歩いてお得!移動距離でポイント、靴や食品と交換 徒歩や自転車移動で健康増進&脱炭素 入間市が実証実験

  • 埼玉県入間市内外の協賛企業が特典を提供した脱炭素ポイントの交換会=19日午後

    埼玉県入間市内外の協賛企業が特典を提供した脱炭素ポイントの交換会=19日午後

  • 埼玉県入間市内外の協賛企業が特典を提供した脱炭素ポイントの交換会=19日午後

 入間市は、徒歩や自転車で移動した距離に応じ特典が得られる実証事業「サスティナブルウォークいるまいる」を1月から実施している。脱炭素社会の実現に向け経済産業省と連携した取り組みで、県内では初めてという。2月22日時点で500人が参加し、市は3月までの期間中に二酸化炭素(CO2)排出量削減1千キログラムを目指す。

 実証事業はアプリ「SPOBY」をスマートフォンにダウンロード。スマホを持って歩くと、衛星利用測位システム(GPS)によって運動量が記録される。自動車などを使わず、歩いたり自転車で移動したりした距離などに応じてポイントがたまり、特典と交換することができる。

 ポイントは現在地から直線距離で750メートル以上離れた場所に移動すると、たまっていく仕組みだ。

 19日には市内の商業施設内で、ポイントと特典の交換が行われた。特典は市内外の協賛企業から、靴や狭山茶のティーバッグ、食事券などが提供された。参加者はスマホの画面を示しながら特典と交換していた。

 アプリでためたポイントを食品と交換した市内の50代女性は、実証事業について「この2週間ぐらい歩いた。健康のためにも良いと思う」と話した。

 会場では「脱炭素型ライフスタイルワークショップ」も開催。地域商材のプロデュースなどに取り組む「ハピキラFACTORY」の正能茉優代表取締役ら4人のパネリストと入間青年会議所の若手経営者らが、「2050年のライフスタイル」として行動すべきことを巡り討論した。

 市によると、実証事業に伴う1月12日~2月12日の脱炭素量は約746キログラム。ガソリンの自動車を約3千キロ走行させた量に相当する。市民1万人が参加して1年間にわたり事業に取り組んだ場合、年間284トンの脱炭素を推進することができるという。

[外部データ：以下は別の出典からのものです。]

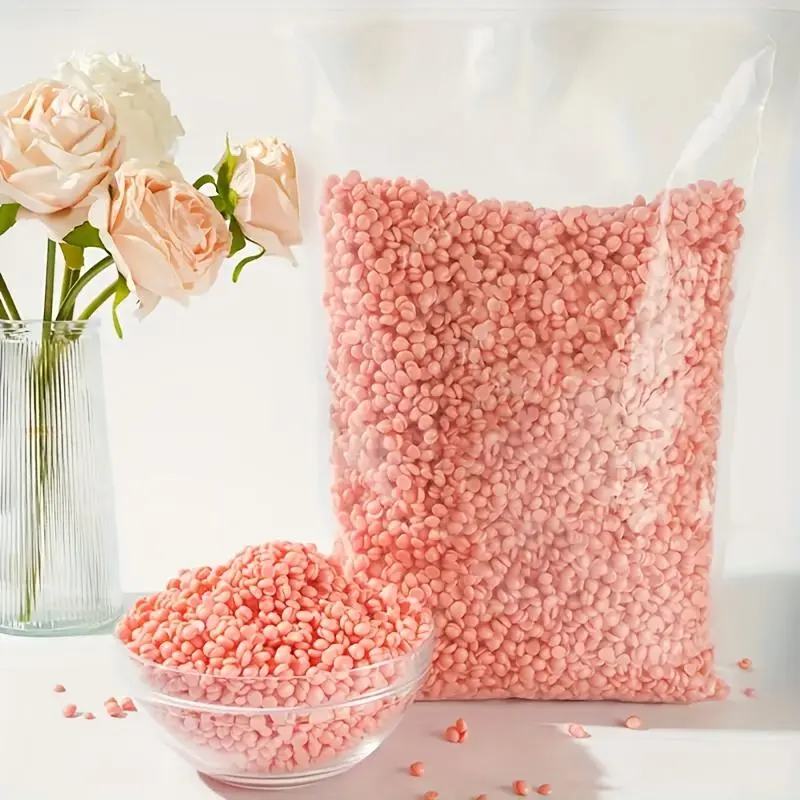 2.2-Lbs Hypoallergenic Hair Removal Wax Beans, Gentle Non-Irritating Easy Hair Removal Waxing Beads for Full Body Hair Removal, Safe for Home Use, Professional Body Hair Remover Cosmetic Wax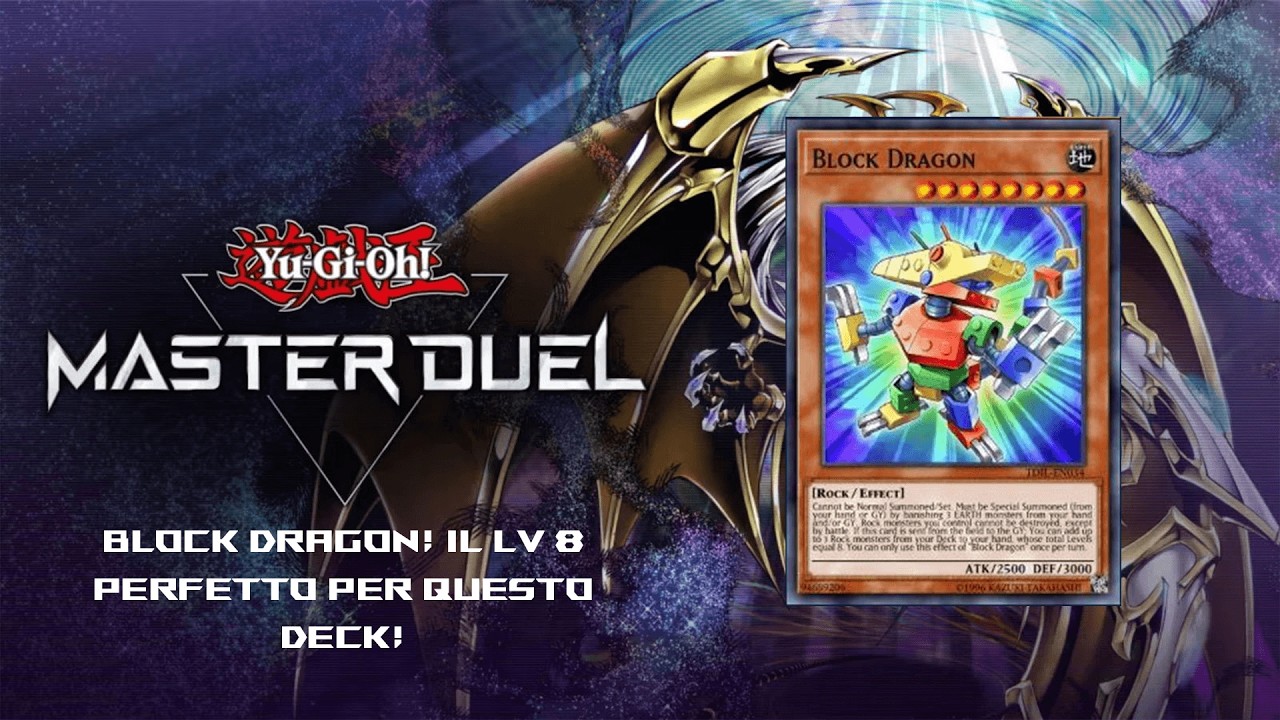 NON SOLO RITUALI! Come Abusare di BLOCK DRAGON in MEGALITH !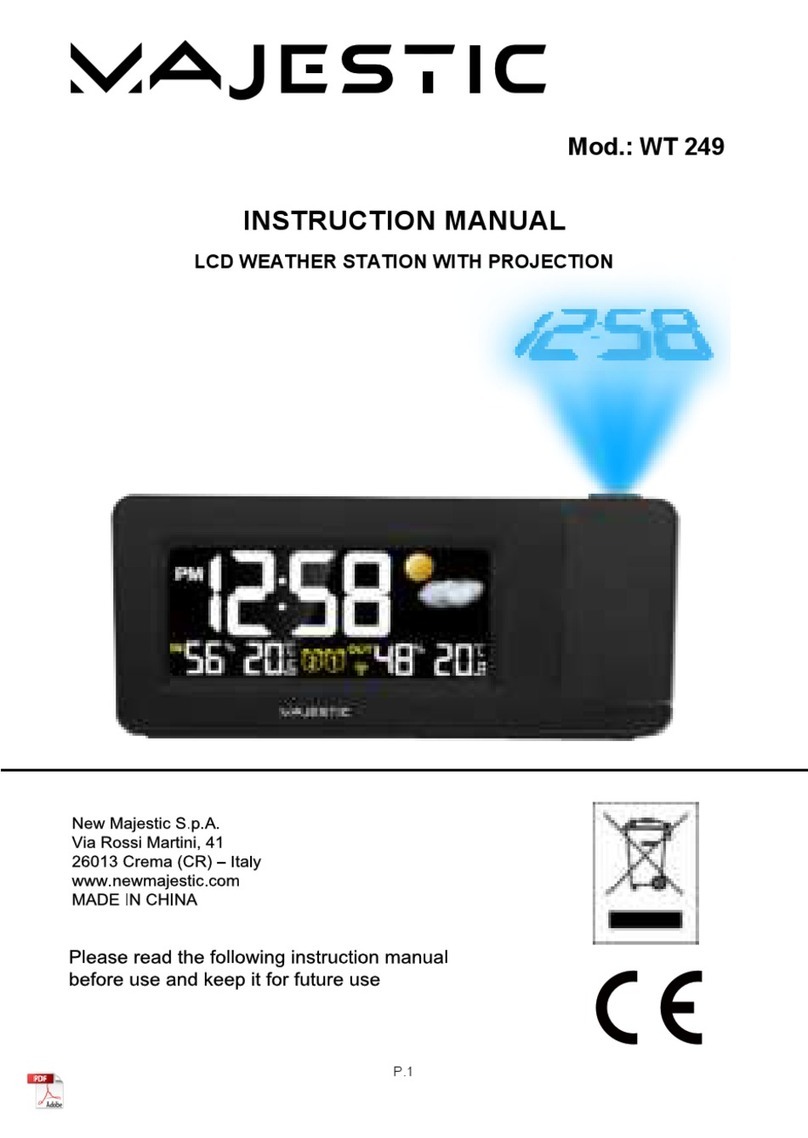 Majestic WT 249 instruction manual Majestic WT 249 instruction manual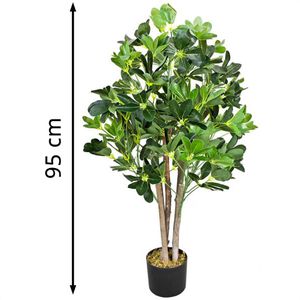 Produktbild für Kunstpflanze Decovego Schefflera Arboricola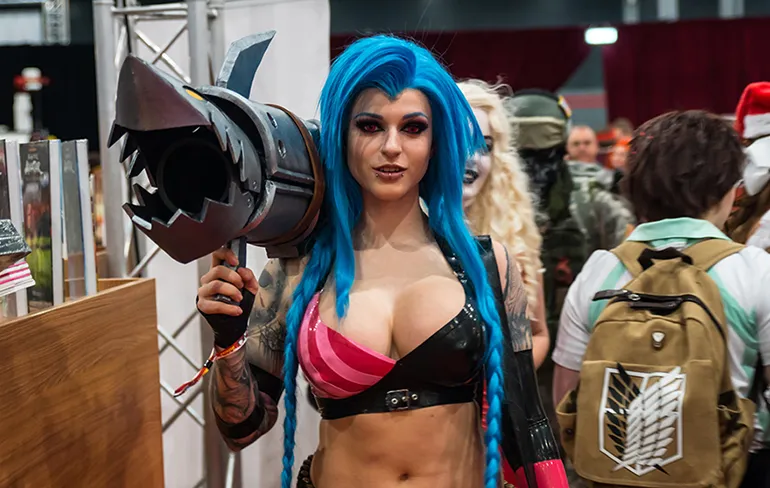 Gewoon mooie foto's van de Dutch Comic Con Winter Editie 2017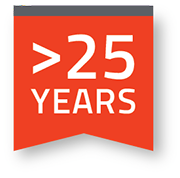 Over 25 years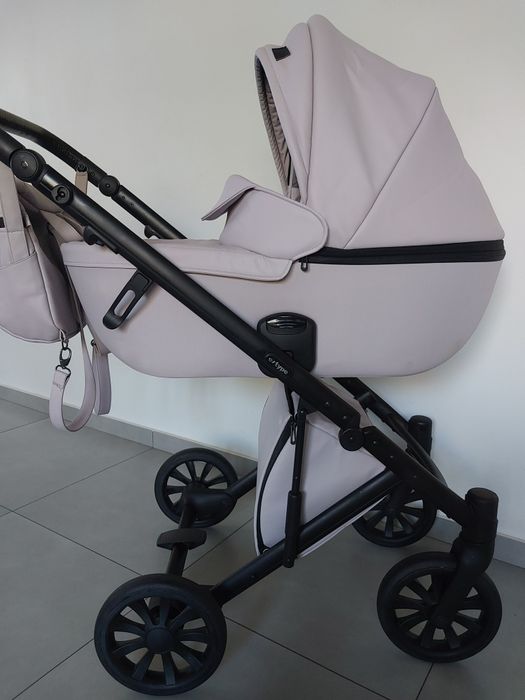 Piękny wózek. Anex e-type 2w1 pudrowy róż WYSYŁAM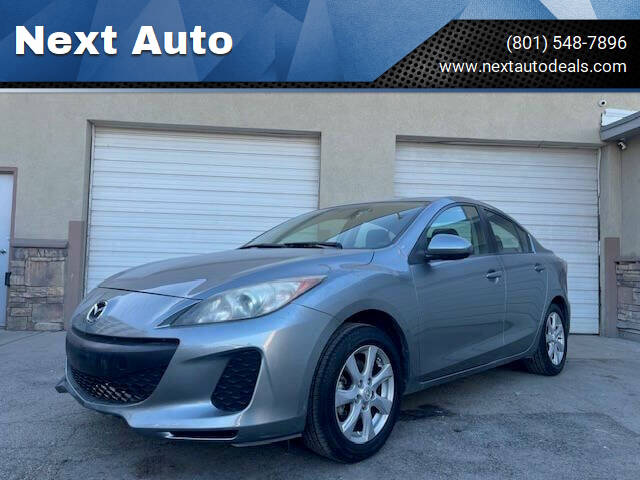 2012 Mazda MAZDA3 for sale at Next Auto in Salt Lake City UT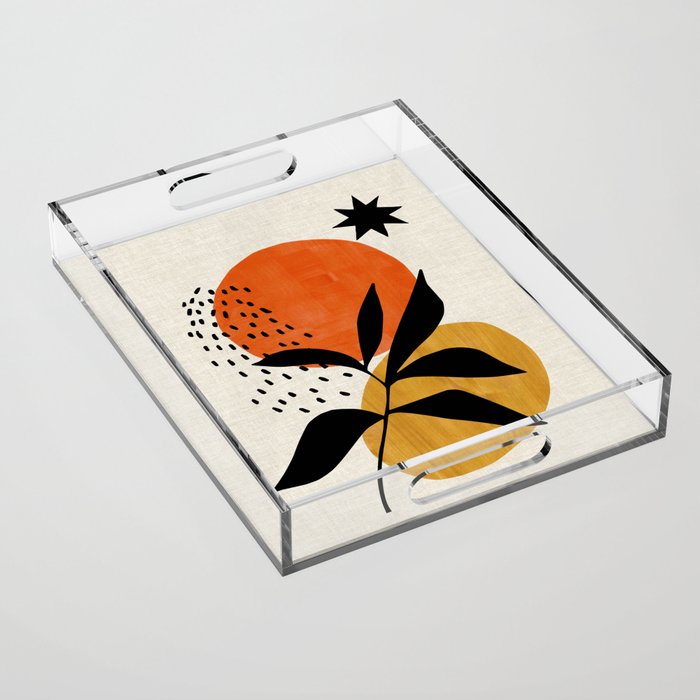 Healing Star Acrylic Tray Gallery Image 1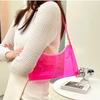 Transparent jelly bag 2 summer new PVC shoulder armpit bag candy color women's bag baguette bag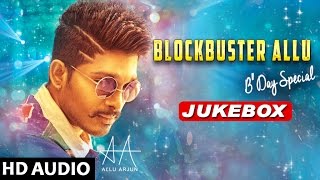 Allu Arjun Super Hit Songs  Blockbuster Allu BDay Special Songs  Allu Arjun Songs [upl. by Dworman266]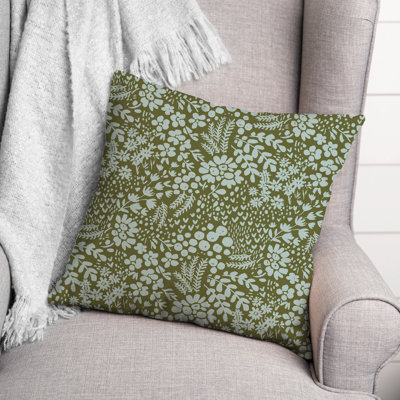 Coussin Floral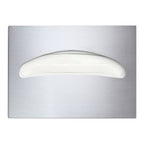 Thumbnail image #1 for Alpine Industries ALP483 Wall-Mounted Toilet Seat Cover Dispenser, 304 Stainless Steel, Brushed Finish Case of 20
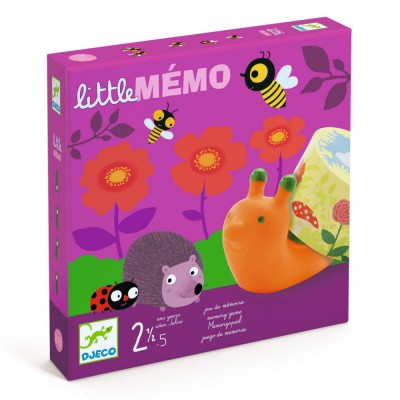 Joc Micul memo, Djeco foto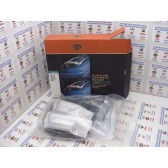 SADDLEBAG RACK, SMOKE, L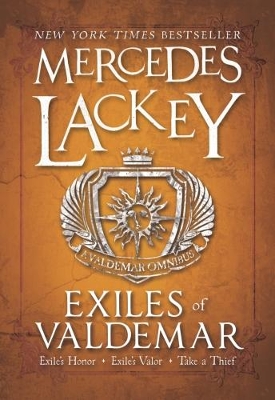 Book cover for Exiles of Valdemar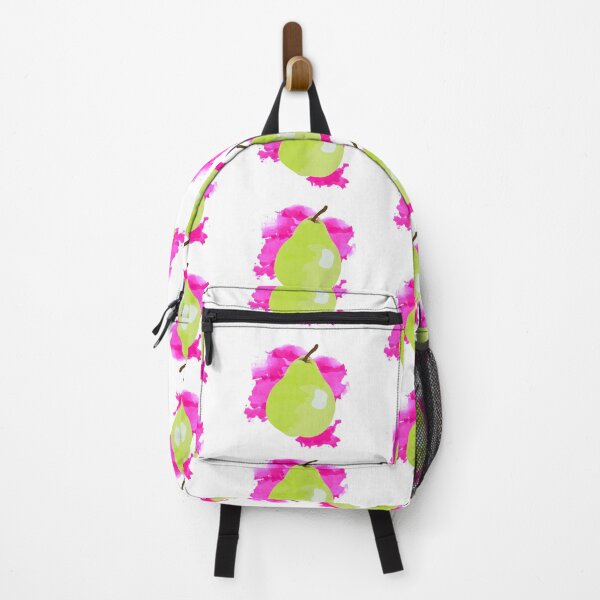 Item preview, Pear with Watercolor Background Design designed and sold by idovedesign.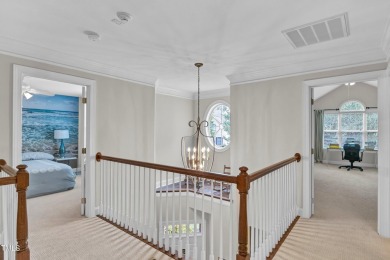 PRICE ADJUSTMENT for this beautiful carriage style townhome on Brier Creek Country Club in North Carolina - for sale on GolfHomes.com, golf home, golf lot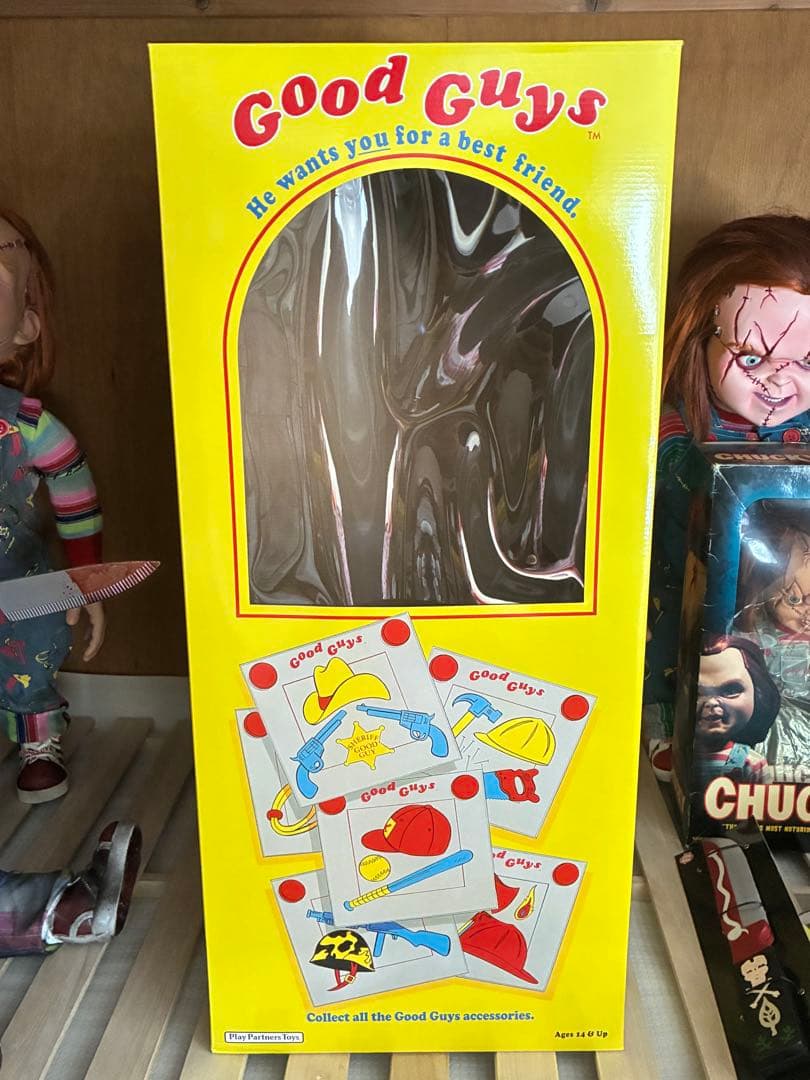 チャイルド・プレイ チャッキー 等身大 グッドガイ トリックオアトリートスタジオ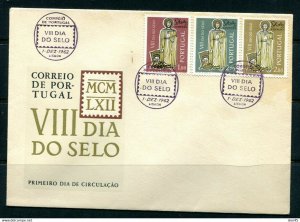 Portugal 1962 Cover  VIII diq do selo cancel 11968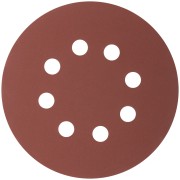 Круги абразивные шлифовальные перфорированные на ворсовой основе под "липучку" (Р320, 125 мм, 5шт.), CUTOP Profi Круги абразивные шлифовальные перфорированные на ворсовой основе под "липучку" (Р320, 125 мм, 5шт.), CUTOP Profi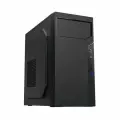 Корпус ZIRCON IVA Black 450Вт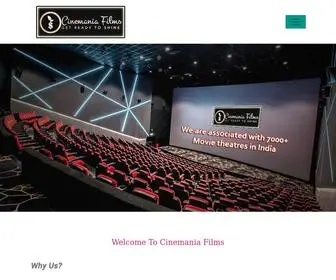 Cinemaniafilms.com(Cinemania Films) Screenshot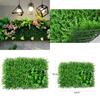 Vibrant 60*40cm Artificial Eucalyptus Plants Green Wall Greenery Fence Foliage Decor For Elegant Home Ambiance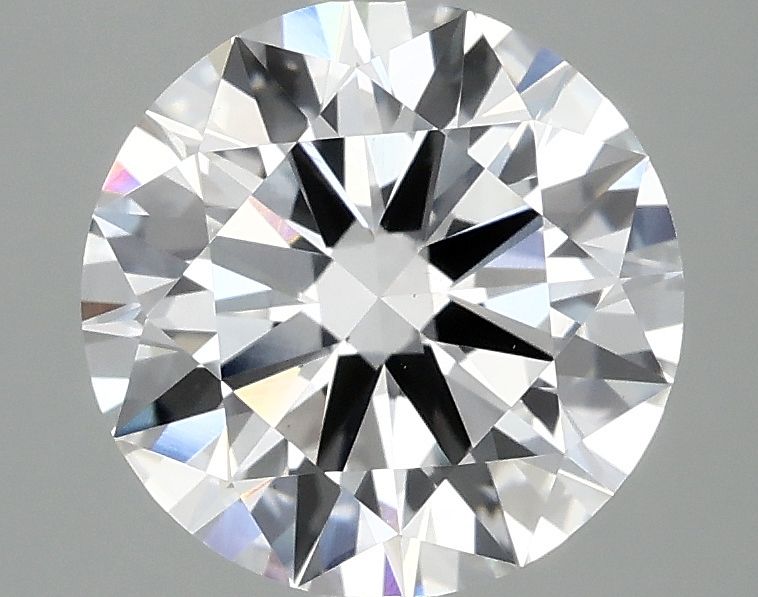 2.58 ct. round Lab Grown Diamond front image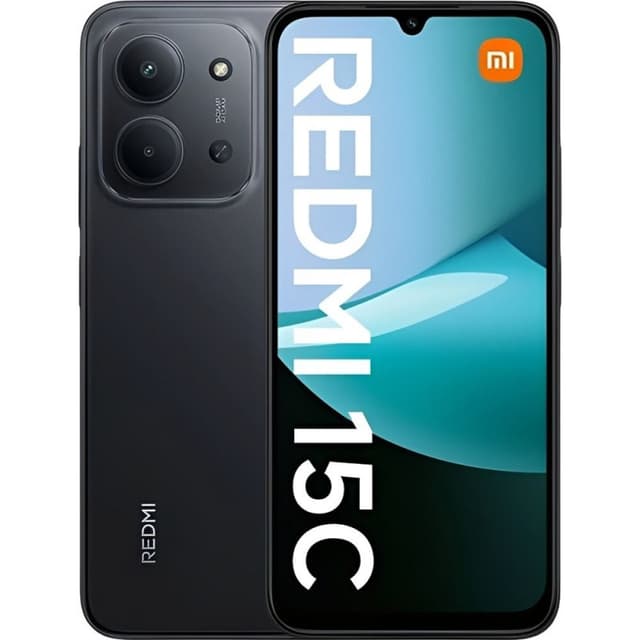 Smartphone Xiaomi Redmi 15C Dual SIM 4GB+128GB 6.9″ - Midnight Black EU 67922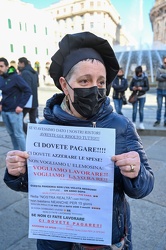 Genova, manifestazione categorie ristoratori e altre contro misu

 市の担当者は「アプリをきっかけに歩くことで、脱炭素と共に健康増進を目指す部分もある。地元の企業に特典を出してもらうことに地域活性化にもつながる」と説明。「脱炭素はとっつきにくいが、意識を高めるだけでなく行動にも結び付けたい」と話している。

 「いるまいる」と同様の取り組みは北海道帯広市や青森県弘前市などでも行われている。